They were Islamicizing the Southern Sudanese Christians by force, and there was a war that was breaking out. There were great tensions that were going on. ALARM started a Christian leadership institute in Sudan to train and equip pastoral leaders and the persecuted church in the nation to be reconcilers with others.

So he goes there in 2005 and builds what's called a tukul. A tukul is just a home you would make. Up in Alaska you would make a tukul and call it an igloo, but in Southern Sudan you make a tukul out of dung and mud and whatever else you can find. Celestin was going there to teach these guys who were being Islamicized by force about forgiveness and reconciliation.

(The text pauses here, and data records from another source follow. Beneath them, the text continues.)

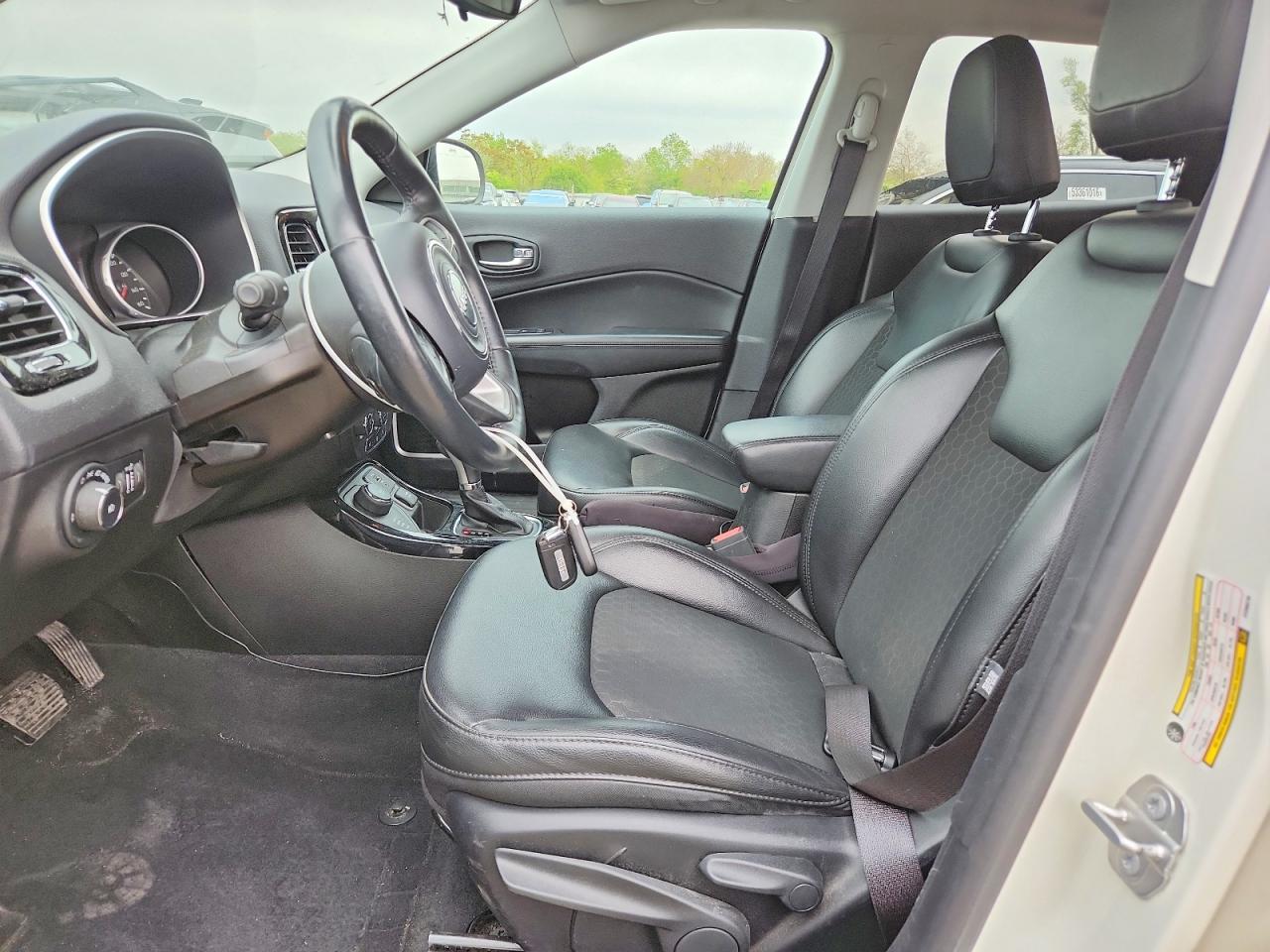 Jeep Compass Latitude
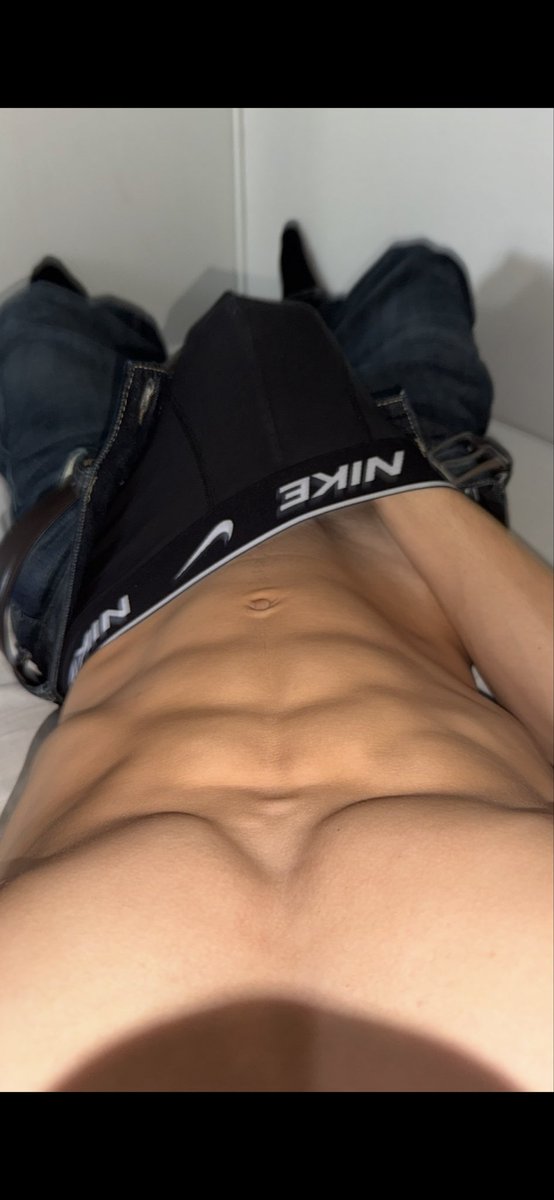 Lazy sundays in bed 

#muscle #bed  #nikeunderwear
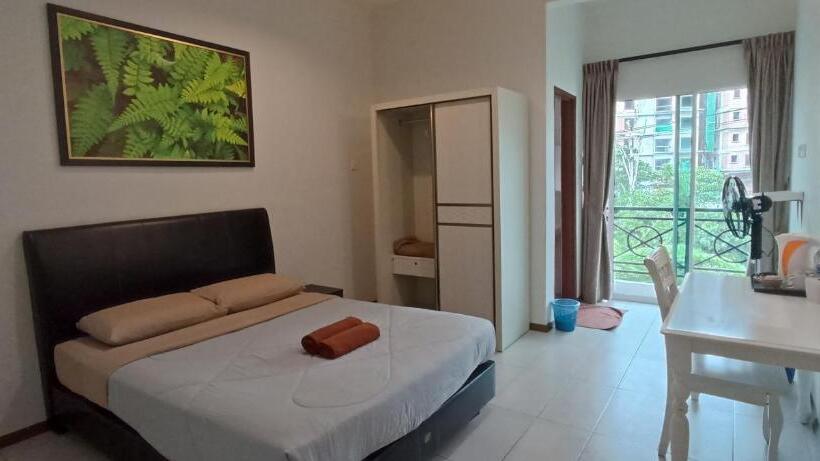 בית מלון כפרי Rovers Inn Guesthouse   Age 11 And Above Only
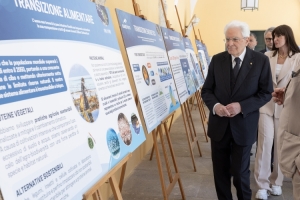 Il Presidente Sergio Mattarella con Anna Maria Bernini, Ministro dell’Università e della ricerca in occasione del convegno per il quarantesimo anniversario di costituzione della Fondazione Marevivo, e della giornata mondiale della biodiversità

If you don't know Celestin's story, he is a Rwandan who was graciously spared the genocide in his nation when almost a million Rwandans died in 100 days. God called him to a ministry of reconciliation, and now he's in Southern Sudan teaching it, living in a little hut that is made out of manure and mud with a sheet that is his door. You can imagine. He said, "I've never seen so many mosquitoes and flies in my life."

The conference was about to start on a Monday, and on Sunday he had been in a river where elders stood upstream from him with sticks beating away the anacondas and other snakes in order that it would not disrupt the baptism. He was already self-conscious because he had been bitten by so many mosquitoes. He thought he looked kind of awkward. He counted at least 40 mosquito bites. He was concerned about malaria.

He went to bed angry. The next day he got up to start this conference. He was saying, "Lord, here I am to serve you. I'm living in this crap, literally, and I'm feeling not so well, and I don't know if I'm going to get malaria." He was complaining, and at the end of the very first session he walked outside. Celestin and I are in Southern Sudan. He's telling me this story.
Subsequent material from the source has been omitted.